How to detect if HDD is corrupted

Hello every body,I am beginner in administration of SUN solaris and SUN hardware. I have question on how to detect if HDD on SUN box is corrupted. We are using SUN Fire V440 with Solaris 8.0.Thanks Peter
[224 byte] By [Peter_Svachoa] at [2007-11-26 13:35:18]
# 1
We really need more information on the issue. Are you looking at a hardware issue or software issue.The 2 basic lines of checking the HD would be "fsck" and/or perform a "format -> analyze -> read" test.
Lee_McCreerya at 2007-7-7 22:18:16 > top of Java-index,Sun Hardware,Servers - General Discussion...
# 2

Thanks for your response.

I think I am looking for a software issue. As you wrote perform a "format -> analazy -> read" I did it. Analyze didn't back any bad block.

Maybe you are asking why do you thing that the HDD is corrupted.

I hope the HDD is not corrupted but on that HDD is Oracle Database that is corrupted.

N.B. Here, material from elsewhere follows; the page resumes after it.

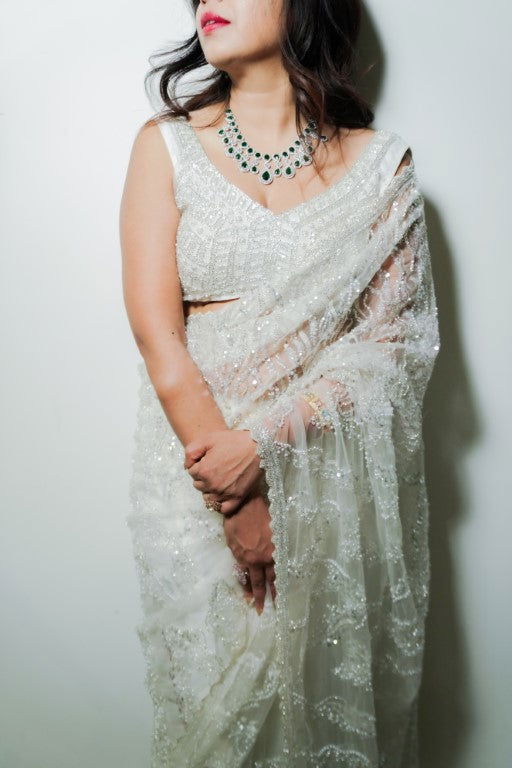 Ivory White Super Net Saree with Pearl and Swarovski Work - Mayrake.in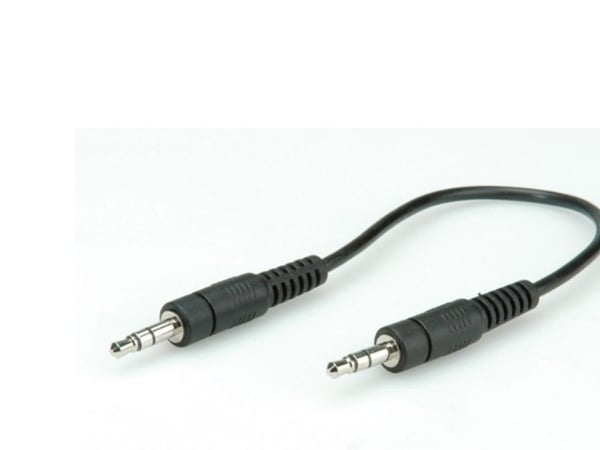 Roline 11.09.4500 Jack Audio Connection Cable [1x Jack 3,5 mm - 1x Jack 3,5 mm] 0,20 m Svart Skärmad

But during few days on that database nothing do unordinary. One thing that I can write you is that every day is doing backup on the tape on this Sun box. One day this backup doesn't complete successfully. I find out that Sun box was restarted. But not me or anybody else.

I think there is any hardware problem with backup tape. Because I think it is not possible to reboot Sun box arbitrarily. And this could maybe corrupt database.

So because I want to know if HDD is corrupted or not.

Peter

Peter_Svachoa at 2007-7-7 22:18:16 > top of Java-index,Sun Hardware,Servers - General Discussion...
# 3

Hello Peter,

I think it is not possible to reboot Sun box arbitrarily. And this could maybe corrupt database.

...

So because I want to know if HDD is corrupted or not.

Yes, you have to shutdown the database, otherwise the contents is damaged (becomes inconsistent/corrupt).

Depending on the database configuration (archivelog / no archivelog) and kind of transactions (mainly reads or high number of changes/writes) the amount of lost data/transactions varies.

Use one of the Oracle forums (http://forums.oracle.com). This is definetely an Oracle problem and less a hardware problem. Regarding the (unwanted) shutdown of the system, review the Solaris logs.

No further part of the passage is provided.